My latest (academic) book, Moral Uncertainty, co-authored with @Tobyordoxford and Krister Bykvist, is out today! It’s open access - download it at https://www.moraluncertainty.com/ or order a hard copy via Amazon or OUP. :)
Here’s an informal history and summary, in tweet form. (1/20)
Here’s an informal history and summary, in tweet form. (1/20)
I first had the core idea of this book way back in early 2009 in an argument in a broom cupboard (yep) with another philosophy grad student. The argument was about vegetarianism (me pro, him against). The argument I came up with was this: (2/20)
Even if you think it’s *unlikely* that animals have moral status, surely, given the existence of seemingly compelling arguments to the contrary, you shouldn’t be *extremely confident* in your view. But the stakes are highly asymmetric. (3/20)
If you eat veggie & eating meat is permissible, well, you’ve only lost out on a bit of pleasure.
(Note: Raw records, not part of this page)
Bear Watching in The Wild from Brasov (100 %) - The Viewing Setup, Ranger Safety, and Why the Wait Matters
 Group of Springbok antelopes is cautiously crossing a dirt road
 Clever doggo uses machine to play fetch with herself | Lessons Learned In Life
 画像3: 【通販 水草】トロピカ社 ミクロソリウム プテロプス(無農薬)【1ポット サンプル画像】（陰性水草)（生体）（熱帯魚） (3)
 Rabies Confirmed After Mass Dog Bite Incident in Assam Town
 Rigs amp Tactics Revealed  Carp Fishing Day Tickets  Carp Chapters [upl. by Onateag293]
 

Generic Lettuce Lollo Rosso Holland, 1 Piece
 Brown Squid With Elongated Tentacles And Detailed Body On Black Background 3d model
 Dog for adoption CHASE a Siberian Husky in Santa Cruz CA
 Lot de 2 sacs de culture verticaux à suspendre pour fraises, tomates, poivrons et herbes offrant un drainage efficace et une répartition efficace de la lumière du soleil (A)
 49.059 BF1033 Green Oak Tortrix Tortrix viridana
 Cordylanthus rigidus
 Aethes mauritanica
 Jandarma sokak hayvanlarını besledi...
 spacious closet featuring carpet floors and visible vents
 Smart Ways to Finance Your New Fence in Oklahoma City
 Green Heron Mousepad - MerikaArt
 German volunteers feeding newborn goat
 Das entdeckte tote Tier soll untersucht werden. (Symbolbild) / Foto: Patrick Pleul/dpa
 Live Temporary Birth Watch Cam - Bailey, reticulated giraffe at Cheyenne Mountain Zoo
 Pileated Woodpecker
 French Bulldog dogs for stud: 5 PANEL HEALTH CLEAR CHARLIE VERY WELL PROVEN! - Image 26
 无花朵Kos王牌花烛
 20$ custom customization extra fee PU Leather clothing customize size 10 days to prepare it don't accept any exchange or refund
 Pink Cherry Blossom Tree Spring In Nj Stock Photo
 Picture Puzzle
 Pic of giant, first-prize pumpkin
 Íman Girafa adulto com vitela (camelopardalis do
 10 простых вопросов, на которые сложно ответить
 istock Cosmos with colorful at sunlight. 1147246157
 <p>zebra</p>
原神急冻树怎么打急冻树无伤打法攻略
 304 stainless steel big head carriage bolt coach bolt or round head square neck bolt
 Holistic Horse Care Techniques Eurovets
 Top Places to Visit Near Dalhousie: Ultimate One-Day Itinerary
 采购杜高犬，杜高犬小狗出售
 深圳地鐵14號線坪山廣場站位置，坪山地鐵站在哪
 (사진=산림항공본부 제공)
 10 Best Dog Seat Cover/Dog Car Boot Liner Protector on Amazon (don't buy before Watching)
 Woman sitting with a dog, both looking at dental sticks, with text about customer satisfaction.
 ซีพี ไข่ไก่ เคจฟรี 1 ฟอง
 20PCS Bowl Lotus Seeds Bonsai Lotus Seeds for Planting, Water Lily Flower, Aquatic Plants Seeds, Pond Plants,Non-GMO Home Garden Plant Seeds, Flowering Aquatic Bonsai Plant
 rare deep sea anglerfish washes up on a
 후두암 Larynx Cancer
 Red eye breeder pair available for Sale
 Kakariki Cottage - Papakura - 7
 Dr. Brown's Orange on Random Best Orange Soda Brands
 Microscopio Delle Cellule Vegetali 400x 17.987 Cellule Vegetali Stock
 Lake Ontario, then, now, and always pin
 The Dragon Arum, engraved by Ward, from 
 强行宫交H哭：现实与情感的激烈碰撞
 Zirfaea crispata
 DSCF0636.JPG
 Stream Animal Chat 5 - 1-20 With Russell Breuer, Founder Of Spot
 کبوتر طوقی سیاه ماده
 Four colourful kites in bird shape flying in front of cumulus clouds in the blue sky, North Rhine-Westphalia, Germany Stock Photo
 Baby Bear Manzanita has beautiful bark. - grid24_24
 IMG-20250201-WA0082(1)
But if you eat meat & eating meat is impermissible, you’ve done something very wrong. In light of uncertainty about animal ethics, the morally safe option is to eat vegetarian. (4/20)
This is just applying expected-utility reasoning to take into account not just uncertainty about what will *happen*, but also uncertainty about what is of *value* or about what we fundamentally ought to do. (5/20)
EU theory has a good theoretical basis. It’s also common sense: If there’s some chance of a child playing round a blind corner, you take care when driving round it. Why? Because the stakes are asymmetric: driving fast is a small gain to you; killing a child is very wrong. (6/20)
But, to my knowledge at the time, the extension of expected utility theory to moral uncertainty had not been done. (And indeed I learned that the modern literature exploring the idea was very small indeed - one book and a handful of articles.) (7/20)
This was particularly striking because the range of applications is so wide. In the economics of climate change, a huge question is how to trade off harms to future generations vs harms to the present. But we could just use EU-theory to take that uncertainty into account. (8/20)
Or, consider Singer’s drowning child argument. If he’s wrong and you donate, you’ve still done a good thing. If he’s right, and you don’t donate, it’s like you let a child drown in front of you. Again, asymmetric stakes: under moral uncertainty, the safe option is to give. (9/20)
Anyway, I asked my supervisor, John Broome, about it and he said I should speak to some guy called Toby Ord. We met for coffee in a graveyard; as well as moral uncertainty, he told me about an idea for a project called Giving What We Can…. but that’s another story. (10/20)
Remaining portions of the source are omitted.